Short text fragments from websites:

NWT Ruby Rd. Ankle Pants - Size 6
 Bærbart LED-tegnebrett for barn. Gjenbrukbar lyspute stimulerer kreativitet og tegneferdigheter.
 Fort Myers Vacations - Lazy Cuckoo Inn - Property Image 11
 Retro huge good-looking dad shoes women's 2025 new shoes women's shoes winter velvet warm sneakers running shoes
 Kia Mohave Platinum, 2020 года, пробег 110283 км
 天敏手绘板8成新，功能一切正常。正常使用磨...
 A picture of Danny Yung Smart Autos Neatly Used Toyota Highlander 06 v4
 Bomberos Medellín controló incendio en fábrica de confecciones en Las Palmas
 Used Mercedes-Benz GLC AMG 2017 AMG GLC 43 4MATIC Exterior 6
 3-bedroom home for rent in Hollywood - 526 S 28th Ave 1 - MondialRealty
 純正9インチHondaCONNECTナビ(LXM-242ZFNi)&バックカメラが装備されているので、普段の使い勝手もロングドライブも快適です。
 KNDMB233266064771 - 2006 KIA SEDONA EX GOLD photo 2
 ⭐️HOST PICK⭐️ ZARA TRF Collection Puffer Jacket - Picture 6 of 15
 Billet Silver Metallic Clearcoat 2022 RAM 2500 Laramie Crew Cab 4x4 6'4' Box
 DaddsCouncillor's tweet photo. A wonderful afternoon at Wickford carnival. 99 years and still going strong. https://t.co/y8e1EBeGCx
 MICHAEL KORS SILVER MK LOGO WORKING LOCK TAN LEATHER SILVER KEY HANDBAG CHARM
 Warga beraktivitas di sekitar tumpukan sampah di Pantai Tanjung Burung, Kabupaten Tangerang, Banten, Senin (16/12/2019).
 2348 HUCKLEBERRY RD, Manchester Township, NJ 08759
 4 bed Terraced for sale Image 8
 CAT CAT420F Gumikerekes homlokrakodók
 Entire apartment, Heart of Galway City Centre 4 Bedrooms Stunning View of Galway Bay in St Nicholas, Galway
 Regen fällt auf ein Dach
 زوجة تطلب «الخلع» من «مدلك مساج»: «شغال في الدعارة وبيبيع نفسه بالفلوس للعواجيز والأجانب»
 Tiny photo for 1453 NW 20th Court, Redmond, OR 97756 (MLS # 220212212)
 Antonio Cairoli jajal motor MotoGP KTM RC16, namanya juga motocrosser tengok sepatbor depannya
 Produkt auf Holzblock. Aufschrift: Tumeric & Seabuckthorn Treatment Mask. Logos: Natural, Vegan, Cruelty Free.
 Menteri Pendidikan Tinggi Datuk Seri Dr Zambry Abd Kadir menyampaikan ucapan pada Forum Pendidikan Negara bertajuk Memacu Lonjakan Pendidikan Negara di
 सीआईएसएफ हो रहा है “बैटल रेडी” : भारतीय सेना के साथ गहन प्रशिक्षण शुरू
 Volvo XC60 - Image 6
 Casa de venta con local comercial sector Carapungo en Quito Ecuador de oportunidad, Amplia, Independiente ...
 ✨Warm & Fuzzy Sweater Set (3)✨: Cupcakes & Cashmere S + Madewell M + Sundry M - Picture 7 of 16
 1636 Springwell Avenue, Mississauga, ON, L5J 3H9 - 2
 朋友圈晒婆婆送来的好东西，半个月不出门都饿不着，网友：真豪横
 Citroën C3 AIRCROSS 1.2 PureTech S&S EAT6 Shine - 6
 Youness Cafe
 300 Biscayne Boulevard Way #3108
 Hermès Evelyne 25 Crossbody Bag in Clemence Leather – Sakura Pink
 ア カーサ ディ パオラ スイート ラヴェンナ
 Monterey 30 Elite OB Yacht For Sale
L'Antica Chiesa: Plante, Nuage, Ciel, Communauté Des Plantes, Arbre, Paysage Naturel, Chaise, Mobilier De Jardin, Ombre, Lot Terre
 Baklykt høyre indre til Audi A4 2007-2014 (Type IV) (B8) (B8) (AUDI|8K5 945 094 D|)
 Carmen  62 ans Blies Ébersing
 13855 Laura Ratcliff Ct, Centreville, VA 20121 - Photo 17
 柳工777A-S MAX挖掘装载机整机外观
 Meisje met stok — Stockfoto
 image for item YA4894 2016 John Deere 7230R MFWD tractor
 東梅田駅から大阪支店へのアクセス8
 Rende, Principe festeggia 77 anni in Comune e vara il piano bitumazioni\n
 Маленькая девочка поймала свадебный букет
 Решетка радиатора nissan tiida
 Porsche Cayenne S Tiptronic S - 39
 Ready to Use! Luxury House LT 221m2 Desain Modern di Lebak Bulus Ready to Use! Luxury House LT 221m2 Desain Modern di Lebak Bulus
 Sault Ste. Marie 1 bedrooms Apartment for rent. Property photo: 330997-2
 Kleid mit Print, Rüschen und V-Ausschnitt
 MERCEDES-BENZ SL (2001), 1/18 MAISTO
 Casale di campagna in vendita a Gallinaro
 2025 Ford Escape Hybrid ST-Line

▶ _Your goal_
Gather and copy every line of the data in which the string "Property" is found.

▶ _Task response_
 Fort Myers Vacations - Lazy Cuckoo Inn - Property Image 11
 Sault Ste. Marie 1 bedrooms Apartment for rent. Property photo: 330997-2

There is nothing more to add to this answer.